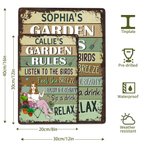 Henkilökohtainen Garden Rules Cartoon Character Vertical Metal merkki nimi Garden Decor syntymäpäivä Housewarming lahja perheelle puutarhanhoito ystäville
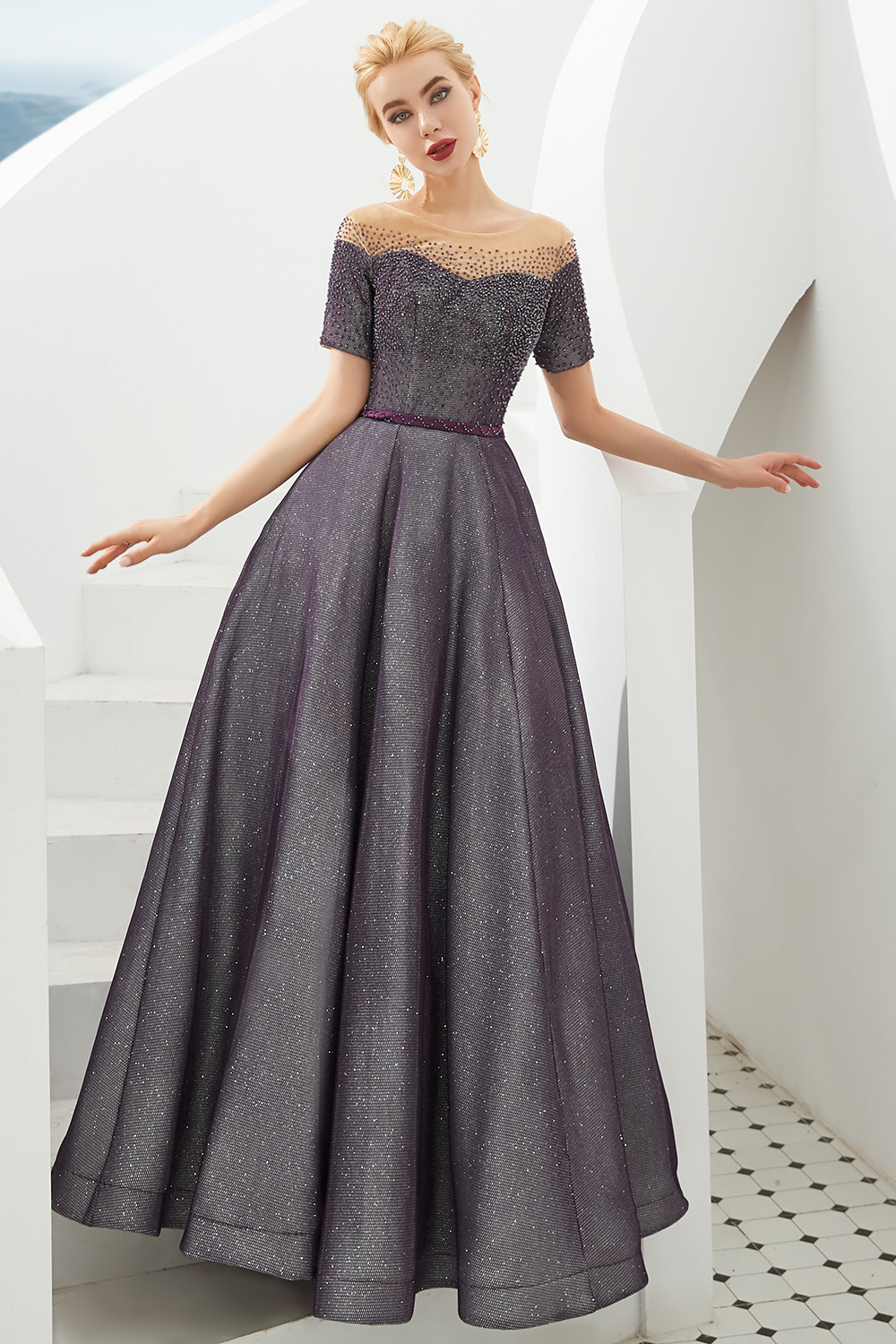 A-line Jewel Neck Short Sleeves Sweep / Brush Train Bright silk Evening Gown With Rhinestone 6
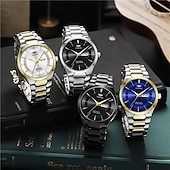 baratos Relógios Quartz-Relógio de quartzo masculino da moda com pulseira de aço, design simples e mostrador circular ipx7 à prova d&#039;água, calendário luminoso, data, relógio de quartzo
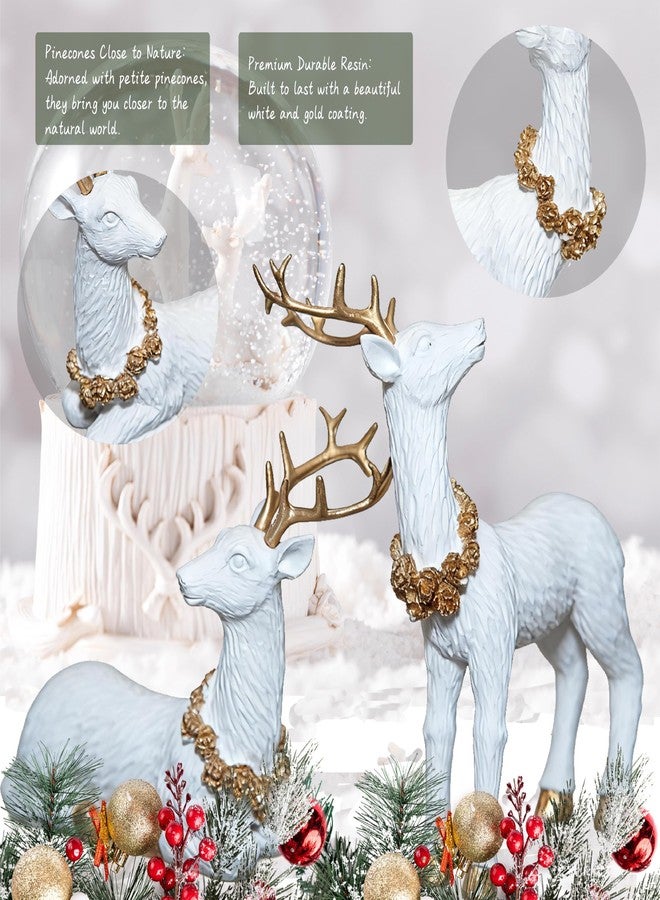 MicoSim 2pcs Pine Nut Reindeer Christmas Decorations, Deer Figurines Home Decor, Elk Figurine, Holiday Home Décor Accents for Xmas Office Living Room & Bedroom Decorations (Pine Nut Medium, White) - Image 4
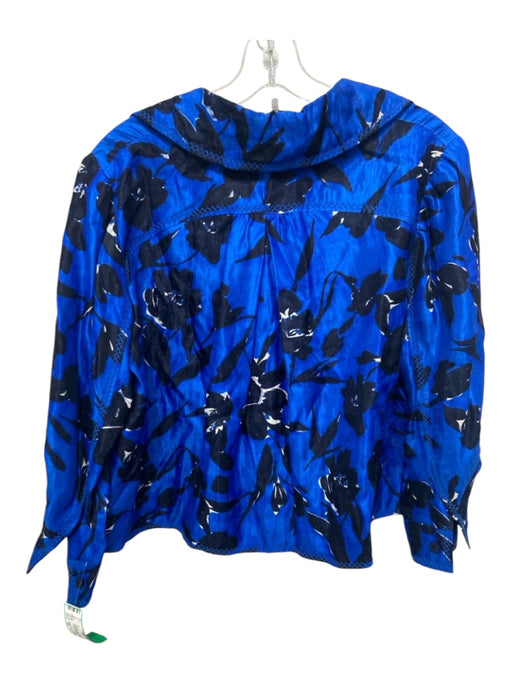 Oscar De La Renta Size 10 Blue & Black Silk & Cotton Floral Cropped Jacket Blue & Black / 10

* * * * * * *

What the exercise asks:
Transcribe the whole listing, character for character, but not its images.

Result for this exercise:
 Henkilökohtainen Garden Rules Cartoon Character Vertical Metal merkki nimi Garden Decor syntymäpäivä Housewarming lahja perheelle puutarhanhoito ystäville
 A-line Jewel Neck Short Sleeves Sweep / Brush Train Bright silk Evening Gown With Rhinestone 6
 baratos Relógios Quartz-Relógio de quartzo masculino da moda com pulseira de aço, design simples e mostrador circular ipx7 à prova d&#039;água, calendário luminoso, data, relógio de quartzo
 MicoSim 2pcs Pine Nut Reindeer Christmas Decorations, Deer Figurines Home Decor, Elk Figurine, Holiday Home Décor Accents for Xmas Office Living Room & Bedroom Decorations (Pine Nut Medium, White) - Image 4
 Oscar De La Renta Size 10 Blue & Black Silk & Cotton Floral Cropped Jacket Blue & Black / 10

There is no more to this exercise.